[Stored data entries]
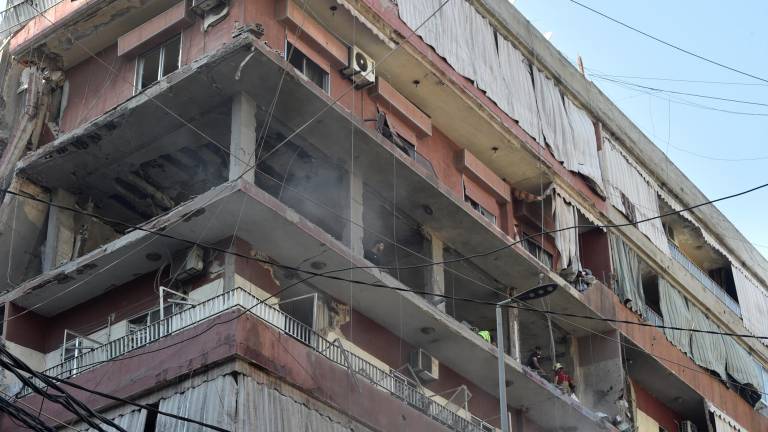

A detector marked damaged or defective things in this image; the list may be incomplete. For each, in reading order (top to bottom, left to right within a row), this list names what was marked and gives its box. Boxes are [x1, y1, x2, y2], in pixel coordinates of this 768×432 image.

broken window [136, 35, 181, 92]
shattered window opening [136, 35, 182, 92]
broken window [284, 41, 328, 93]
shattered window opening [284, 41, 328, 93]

**Problem to work on:** Reproduce each entry exactly as written, but leave out the images.

**The answer:**
A detector marked damaged or defective things in this image; the list may be incomplete. For each, in reading order (top to bottom, left to right within a row), this list names what was marked and gives its box. Boxes are [x1, y1, x2, y2], in pixel coordinates of this 768×432 image.

broken window [136, 35, 181, 92]
shattered window opening [136, 35, 182, 92]
broken window [284, 41, 328, 93]
shattered window opening [284, 41, 328, 93]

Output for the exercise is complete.